愛と音の花束を
「すみません、余裕がなくてうまく励ませなくて……」

「お気持ちだけでありがたいです」

「僕の師匠が言ってました。恋と失恋はどんどんしろ、と。恋は演奏を深くし、失恋は人生を深くするから……と」

……年下なのに、本当、敵わないなぁ。

「だから何だという感じですね。
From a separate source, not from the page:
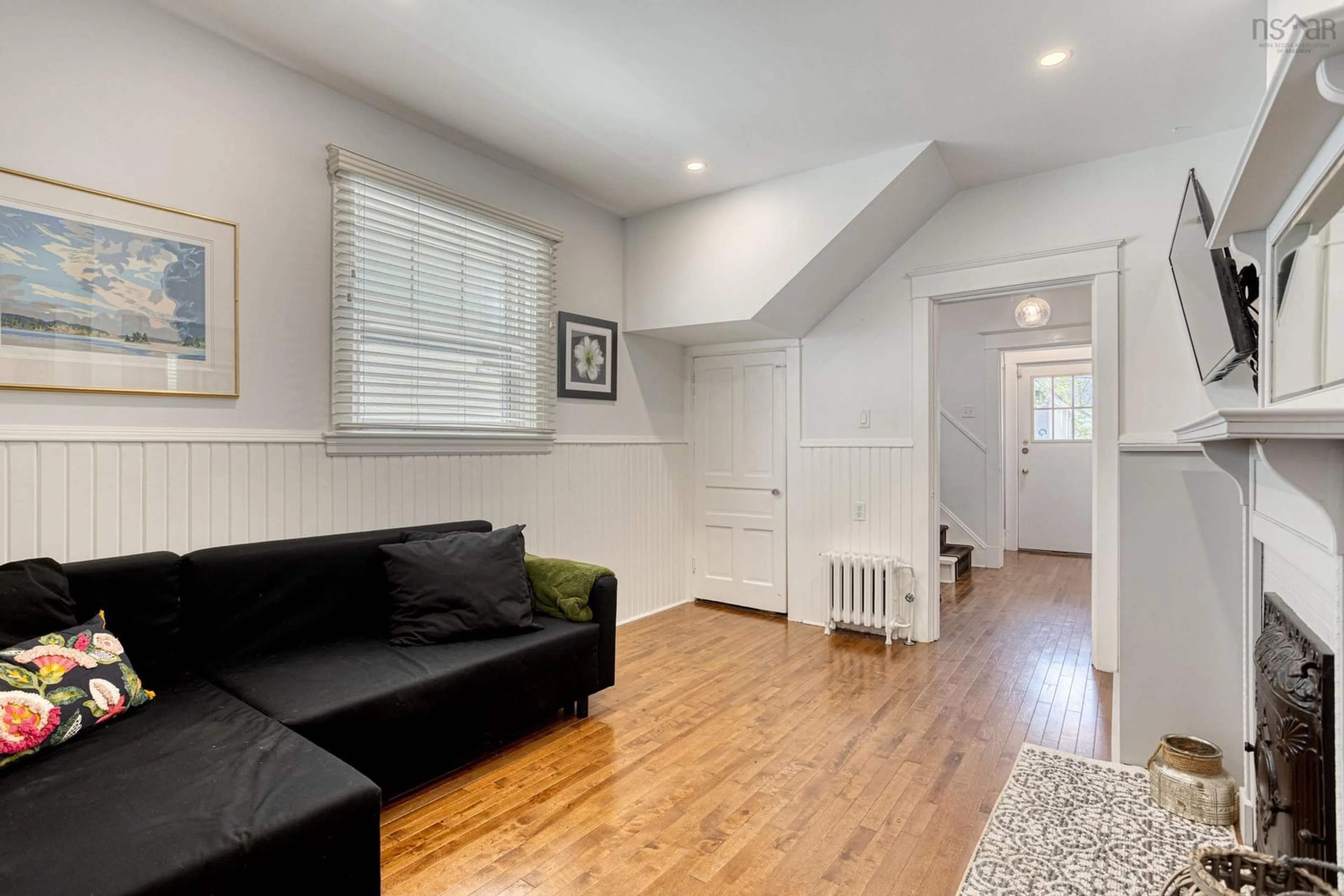 Living room with furniture, wood/laminate floor for 2533 Beech Streets, Halifax Nova Scotia B3L 2X9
僕がもっと大人だったら、気の利いたこと言えるんでしょうけど」

肩をすくめる三神君。
本人は気づいていないかもしれないけど、彼女ができてから、雰囲気が少し変わった。
前はこんな風に自分を落とすようなことは言わなかった。
ますますいい男になってきてるなぁ、と感慨深い。

「三神君は充分、年齢より大人びてると思いますよ」

「まだまだ理想とは遠いです」

「理想ですか?」

「例えば、椎名さんみたいな?」

三神君は微笑みながら、でも目は笑っていないあの顔で私を見た。
私の反応を探っている目だ。

…………いい男でも、かわいくない。

私は表情を変えずに、言葉を返す。

「キャラが違うでしょう?」

「本質は結構似てますよ?」

どこが?
眉をひそめる私を見て、彼は笑った。